I recently watched a documentary asserting that Neanderthals were smarter than we thought. I just watched a movie that convinced me Neanderthals were smarter than Homo Sapiens. Or at least members of the Vandals motorcycle gang.


Not to put too fine a point on it, the bikers in this ditchwater dull documentary masquerading as a movie are morons. 


That's not necessarily an impediment to making a great movie. Rocky's success tells us it's entirely possible to make an engaging movie with "intellectually challenged" central characters.


To that end, Vandal's Club President Johnny and his bouffant boy toy Benny could have been lovable morons. Misunderstood morons. Socially ostracized morons. Love struck morons. Nope. They're just morons.


As is Benny's wife Kathy, the movie's narrator and the third leg of The Bikeriders' love triangle.



You'd have to be a moron to miss that one.


I almost had a Coke-Zero-through-the-nose moment when Johnny said "Look at you all propped-up in bed like the Queen." To which his wounded amigo Benny replied, "Who you calling a Queen?"


If that was a bit subtle for non-LGBTQ+ aware moviegoers, Bikeriders goes whole hog, when Kathy tries to extricate hubby Benny from the Vandals. "You can't have him!" she yells at Johnny. "I'm his wife, not you!"


All leading to the scene where the two barely emoting bikers slink off into the dark, get lip-lock close and discuss club leadership in hushed, loving tones. Not that there's anything wrong with that.

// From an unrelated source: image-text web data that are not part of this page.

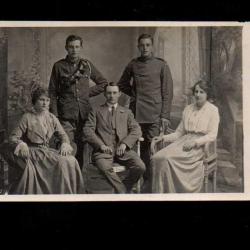soldats britanniques et famille genre carte photos éventuellement coloniaux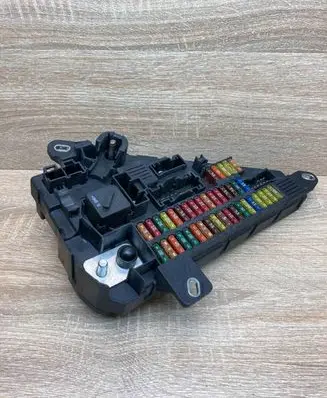 BMW 5 E60 E61 Fuse module 9138830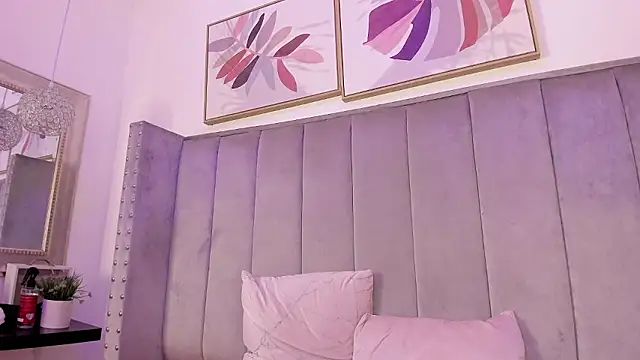 Snapshot of Haru_Bonny chatting on December 2024 06:30:02 AM Haru Bonny online show from December 2024 06:30:02 AM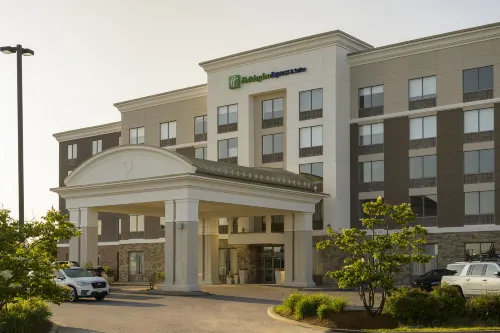 Holiday Inn Express & Suites NORTH BAY by IHG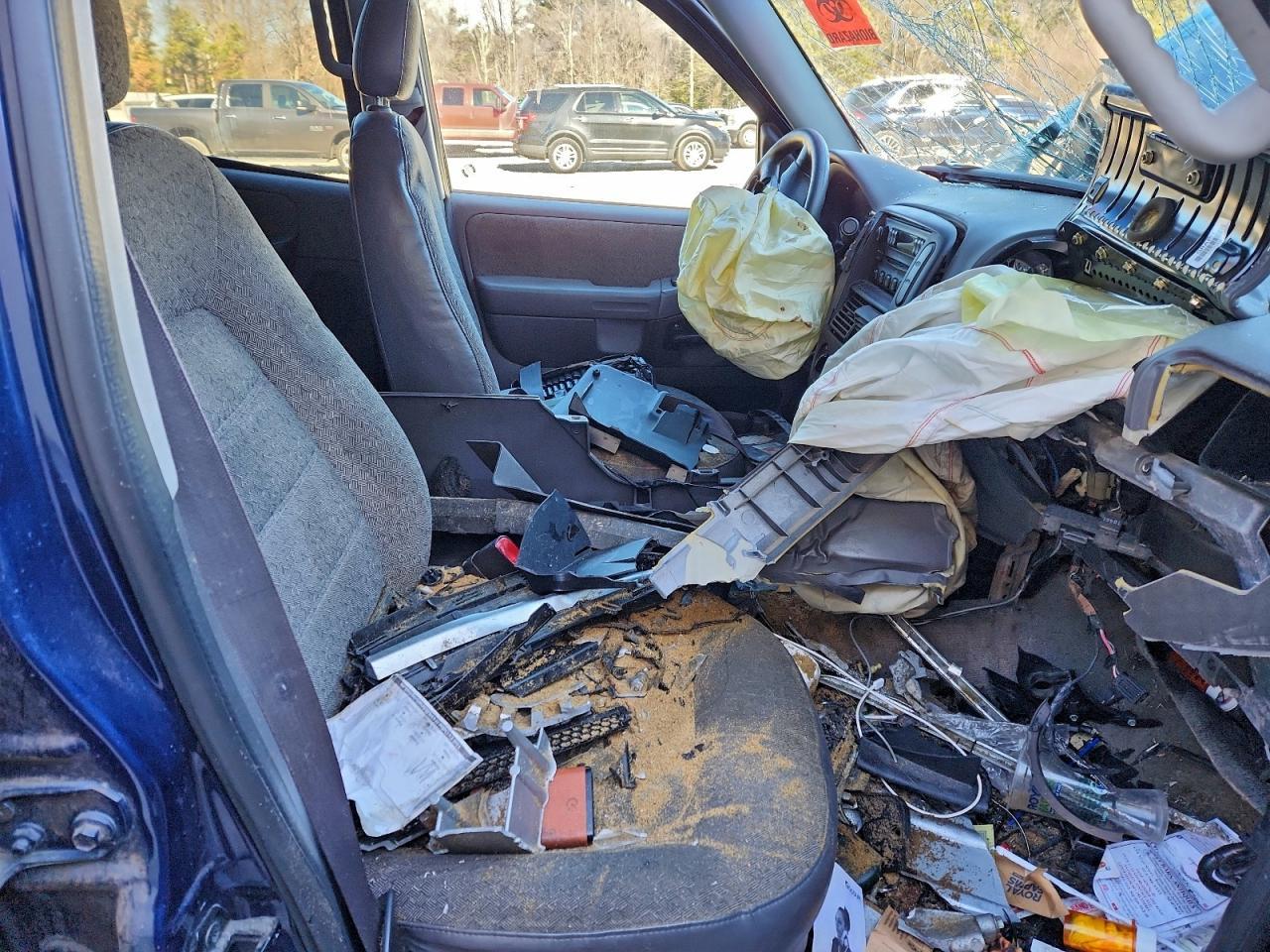 2004 Ford Explorer xls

Other than the fact that the two Vandals don't kiss. At least the movie would have been about something.


The Bikeriders ignores, avoids or dances around any and all gang-related controversy: drug dealing, extortion, robbery, violence, vandalism, murder, misogyny and, most tellingly of all, rape.

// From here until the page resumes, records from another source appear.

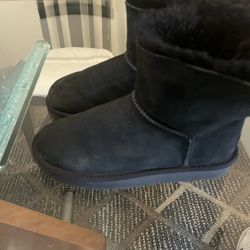Ugg Australia Authentic Size 6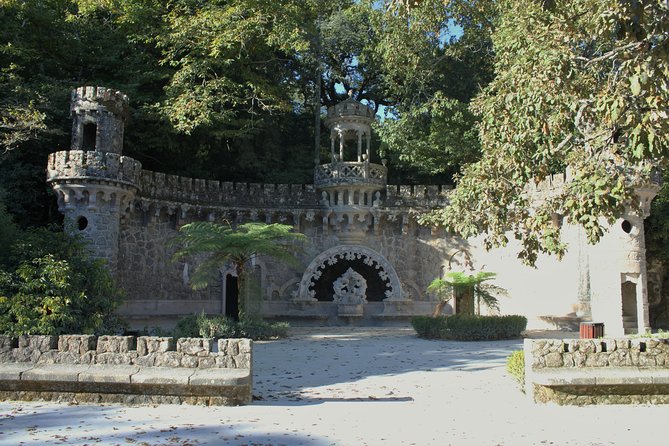 Sintra, Pena, Regaleira, Cabo da Roca & Cascais from Lisbon - H2: The Sintra historic center break for pastries and getting your bearings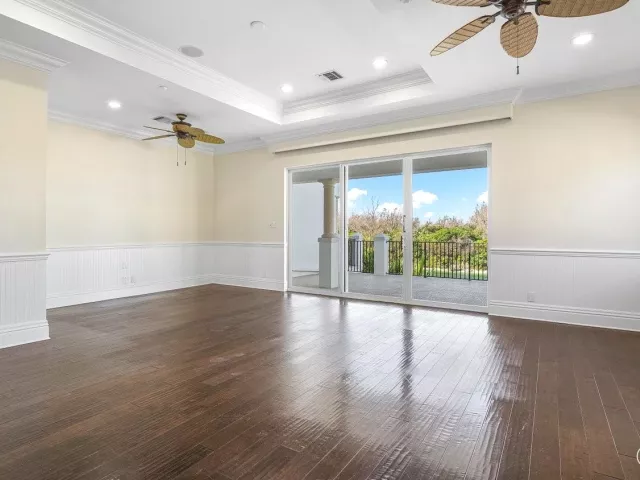 Продажа дома по адресу 549 NE 19th Avenue C - фото 8966731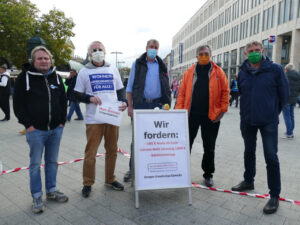 Ein Fototermin zum Weltarmutstag 2020: Klaus-Dieter Gleitze mit Parteispitzen und Aktionskünstler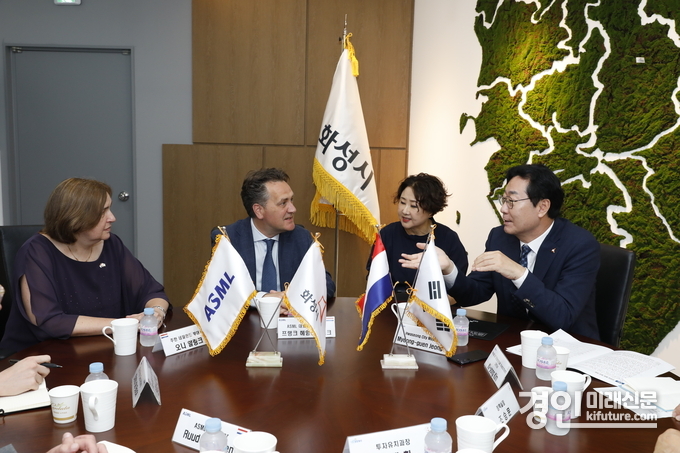 정명근 화성시장(오른쪽)이 ASML 관계자들과 담소를 나누고 있다. <사진=화성시>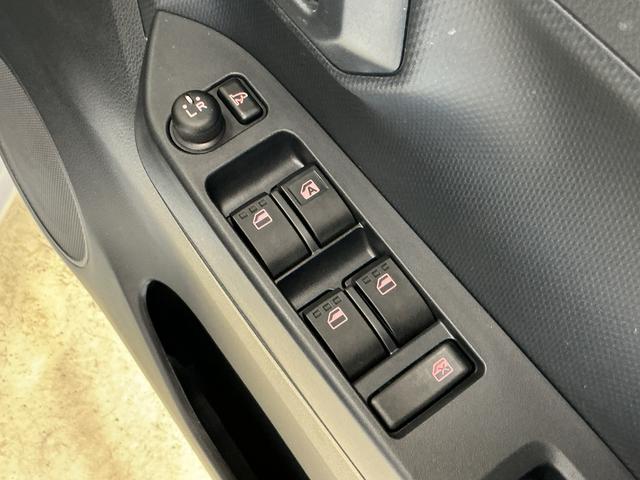 ミライースX SAIII 前後コーナーセンサー LEDヘッドライト前後コーナーセンサー オートマチックハイビーム LEDヘッドライト 電動格納ドアミラー キーレス マニュアルエアコン 横滑り防止装置 アイドリングストップ ヘッドライトレベライザー スペアキー有り(京都府)の中古車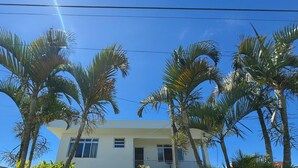 A two-story building with a flat roof and large windows. - Encanto na Praia da Daniela \- Florianópolis \- SC (Florianópolis)
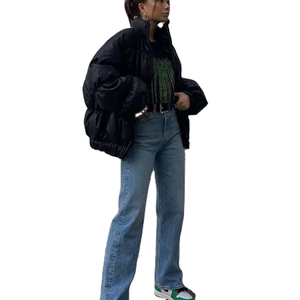Chaqueta de plumón de estilo europeo personalizable de alta calidad para mujer chaqueta rellena de botón de succión transpirable cálida de invierno - Product Image 4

In the only scene touching on the subject, four Vandals drag a screaming struggling Kathy towards an upstairs bedroom.


Johnny rescues his BFF's wife from a case of "mistaken identity." She'd donned the intended target's red dress after its original owner "didn't need it" because "she took some fellas upstairs." For consensual sex? Riiiight.

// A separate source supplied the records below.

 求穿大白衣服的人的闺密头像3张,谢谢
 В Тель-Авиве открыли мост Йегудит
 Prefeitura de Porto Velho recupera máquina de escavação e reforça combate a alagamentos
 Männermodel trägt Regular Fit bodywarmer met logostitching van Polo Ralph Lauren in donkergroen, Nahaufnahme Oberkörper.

Kathy's sexual assault is further explained as the lamentable behavior of "the new members."


Less honorable types. Pot smokers! Heroine users! Vietnam vets! Unwelcome infiltrators! As if Club Prez Johnny didn't personally vette these "unruly" recuits. Riiiight.


Again, The Bike Riders fails to explore a potentially interesting topic. Specifically, how the Vandals fit into – I mean didn't fit into society during a time of radical social upheaval. And how changing times changed them.


Riders makes only the faintest of head nods to the politics or gestalt of the day. When Benny complains about the club's [unexplained] evolution, Johnny asks "What do you think this is? What did you think this was going to be?"


Good question! No answer provided, either via explanatory dialogue or my own analysis after watching Bikeriders stumble around for nearasdammit two hours. The only clue...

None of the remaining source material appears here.